== WHAT TO DO ==
Every entry gets copied exactly. No images go into the copy.

== PROVIDED ENTRIES ==
........
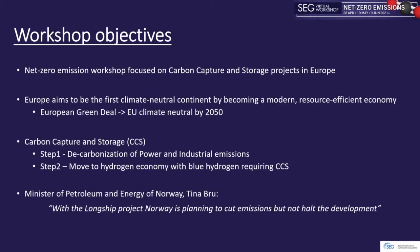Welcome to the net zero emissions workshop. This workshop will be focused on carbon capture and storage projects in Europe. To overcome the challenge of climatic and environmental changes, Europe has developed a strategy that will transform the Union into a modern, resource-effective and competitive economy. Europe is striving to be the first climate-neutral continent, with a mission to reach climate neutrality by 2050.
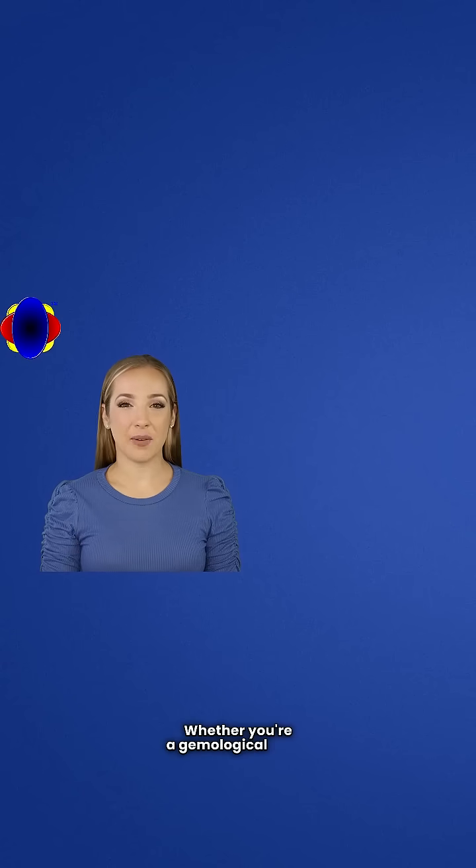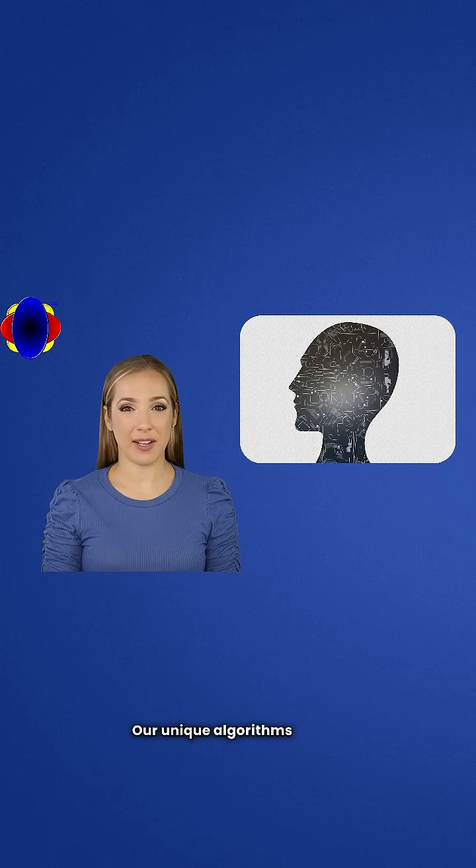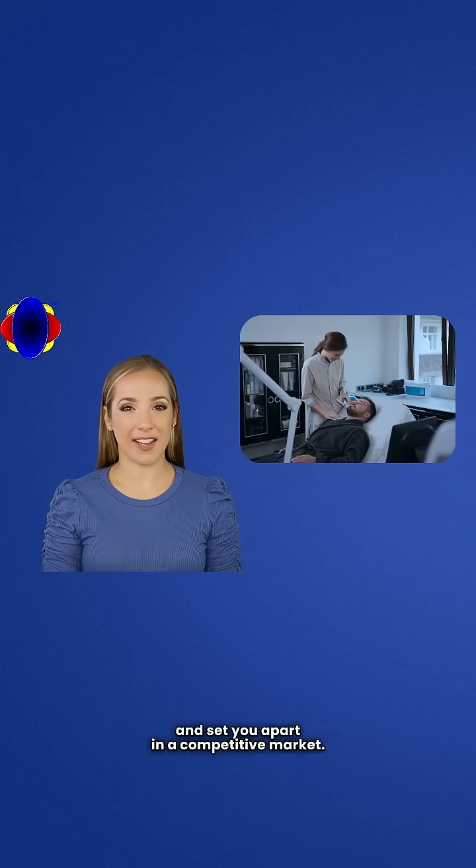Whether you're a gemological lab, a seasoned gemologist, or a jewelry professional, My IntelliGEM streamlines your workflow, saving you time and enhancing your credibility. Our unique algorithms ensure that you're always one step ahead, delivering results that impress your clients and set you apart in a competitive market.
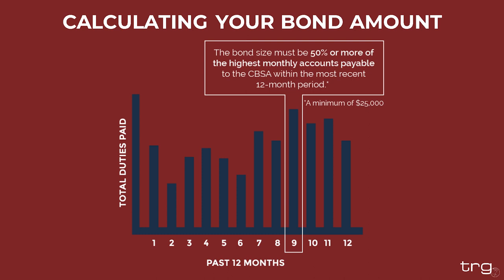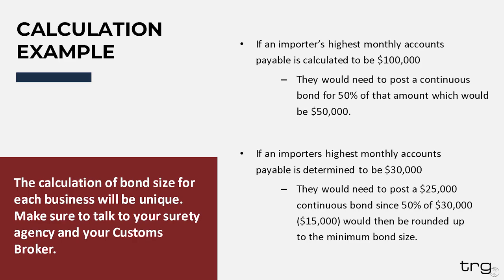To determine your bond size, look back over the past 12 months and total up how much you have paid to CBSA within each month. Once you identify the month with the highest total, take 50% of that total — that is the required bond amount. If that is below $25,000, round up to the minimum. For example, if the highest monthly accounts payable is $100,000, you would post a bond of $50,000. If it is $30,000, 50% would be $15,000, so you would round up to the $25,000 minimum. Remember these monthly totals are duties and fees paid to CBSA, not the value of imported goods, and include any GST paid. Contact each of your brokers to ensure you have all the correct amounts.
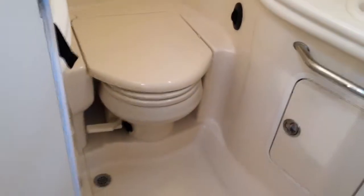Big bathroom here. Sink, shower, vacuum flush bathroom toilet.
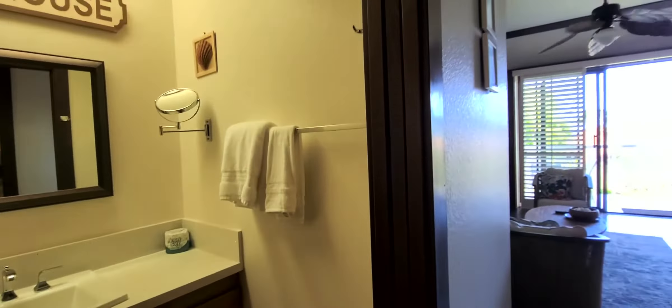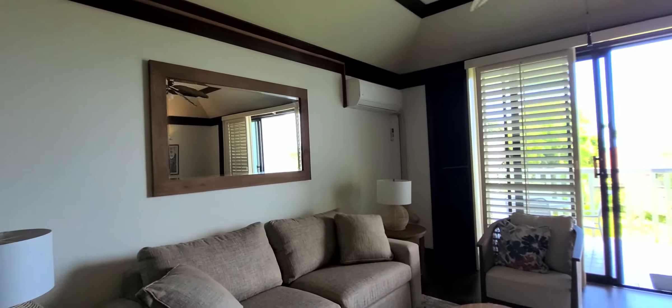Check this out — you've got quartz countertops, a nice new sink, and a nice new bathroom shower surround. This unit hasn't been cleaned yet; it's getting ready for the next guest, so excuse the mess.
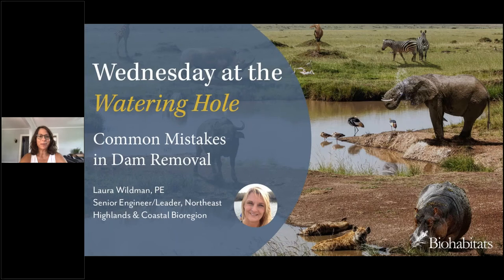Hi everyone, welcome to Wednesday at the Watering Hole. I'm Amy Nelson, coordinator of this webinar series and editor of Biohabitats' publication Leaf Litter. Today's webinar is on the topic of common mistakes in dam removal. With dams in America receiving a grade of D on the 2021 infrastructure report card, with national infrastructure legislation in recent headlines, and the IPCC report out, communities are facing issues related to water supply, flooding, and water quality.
........
== WRITTEN SOLUTION ==
Welcome to the net zero emissions workshop. This workshop will be focused on carbon capture and storage projects in Europe. To overcome the challenge of climatic and environmental changes, Europe has developed a strategy that will transform the Union into a modern, resource-effective and competitive economy. Europe is striving to be the first climate-neutral continent, with a mission to reach climate neutrality by 2050.
Whether you're a gemological lab, a seasoned gemologist, or a jewelry professional, My IntelliGEM streamlines your workflow, saving you time and enhancing your credibility. Our unique algorithms ensure that you're always one step ahead, delivering results that impress your clients and set you apart in a competitive market.
To determine your bond size, look back over the past 12 months and total up how much you have paid to CBSA within each month. Once you identify the month with the highest total, take 50% of that total — that is the required bond amount. If that is below $25,000, round up to the minimum. For example, if the highest monthly accounts payable is $100,000, you would post a bond of $50,000. If it is $30,000, 50% would be $15,000, so you would round up to the $25,000 minimum. Remember these monthly totals are duties and fees paid to CBSA, not the value of imported goods, and include any GST paid. Contact each of your brokers to ensure you have all the correct amounts.
Big bathroom here. Sink, shower, vacuum flush bathroom toilet.
Check this out — you've got quartz countertops, a nice new sink, and a nice new bathroom shower surround. This unit hasn't been cleaned yet; it's getting ready for the next guest, so excuse the mess.
Hi everyone, welcome to Wednesday at the Watering Hole. I'm Amy Nelson, coordinator of this webinar series and editor of Biohabitats' publication Leaf Litter. Today's webinar is on the topic of common mistakes in dam removal. With dams in America receiving a grade of D on the 2021 infrastructure report card, with national infrastructure legislation in recent headlines, and the IPCC report out, communities are facing issues related to water supply, flooding, and water quality.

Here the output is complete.